Watch Out! Your Electronics Store Is Lying To You!

Let me clarify the post below. WATCH OUT! If you're buying a recordable CD player or a recordable DVD player, or a DVD player with a recordable hard-drive or a Tivo-like device or any combination of those devices that you expect to work as advertised with your digital cable, your satellite system, your computer and so on -- well don't. More and more, all these devices are built to NOT work in the typical way you would expect and with the channels or devices you want. You CAN'T make copies of some shows on digital radio and play them on your iPod-like device. You CAN'T record movies off Turner Classic Movies, even though that's what you bought the device for and Congress explicitly said you have that legal right. You CAN'T switch media you bought and own easily from your computer to your TV to your phone or your iPod and so on. You CAN'T make duplicate copies of your movies and shows to keep in your car for long trips with the kids or on your boat or your summer house or just downstairs in the den. You can't do all sorts of things that you and other law-abiding citizens should be able to do and have nothing to do with piracy. And the reason is a web of collusion between manufacturers of those devices and the media conglomerates behind movies, tv shows and music. And this problem is only going to get worse.

2 comments:

Anonymous said...

Don't know if this will help anyone, but there are MP3 players produced by a company called Archos that has, as an optional accessory, a DVR station. Plug it into the station, set a time and channel, and the unit will record it. I just bought my player 2 weeks ago, and I don't have the DVR station yet, so I don't know if it works.

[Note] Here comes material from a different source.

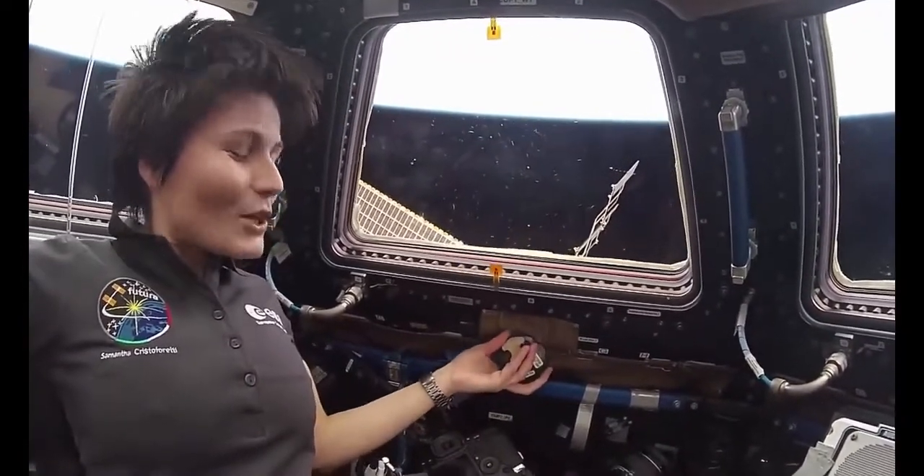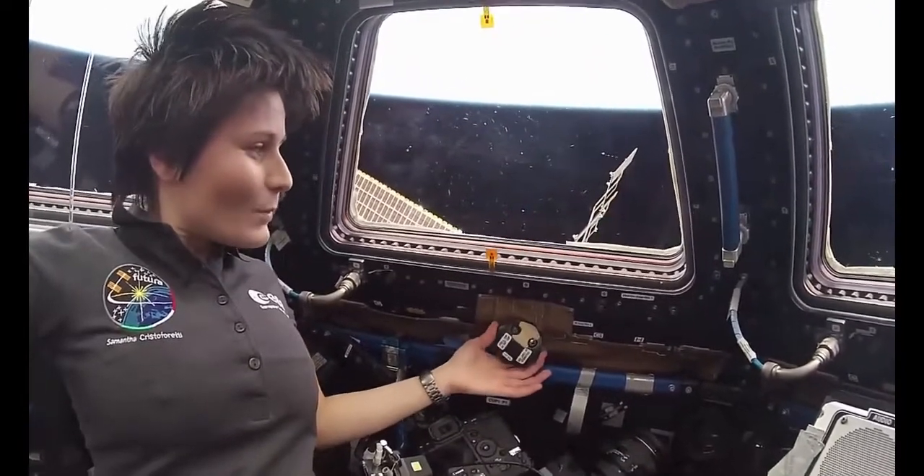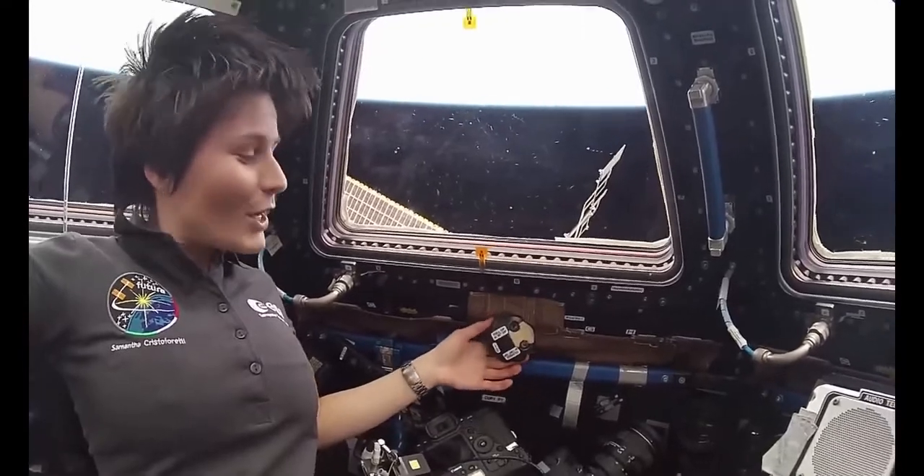It feels cold, but regular metal cold, not really, really cold. And again, when you get close to structure, you want to be careful not to hit real hard.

FYI, before I left for work this morning, I was recording a copy of Poltergeist from TCM this weekend onto a different MP3 player via my Tivo. Won't know until I get home if it worked, but it was recording when I left just fine. Go figure...

Oh, and the Archos player, apparently, WILL record copyrighted, copy-protected material. Using that DVR station, you can record from a DVD or VHS tape. If the source is copy-protected, the Archos player will layer on another bit of copy-protection, which will make the recording unusuable on any other MP3 player, or if you try to switch it to your computer, or if you use the AV out to play it on another TV, OR if you try to burn it onto a DVD or pay it off to tape. But the program WILL play on your player, just only on your player. Again, haven't tried it, don't know how it works, but that is, supposedly what it's able to do. The players aren't as small and sleek as ipods, but those are nice options to have,

Michael in New York said...

Interesting. I ended up paying $100 for a Sima CT-200, a device that blocks the signal from the cable company that disables your DVD recorder, VHS player and so on. That way, you can tape most anything onto blank DVDs or VHS tapes and play them on multiple devices (which is your legal right) rather than being restricted to a handheld device like the iPod or Archos. That's an interesting twist that they offer, though.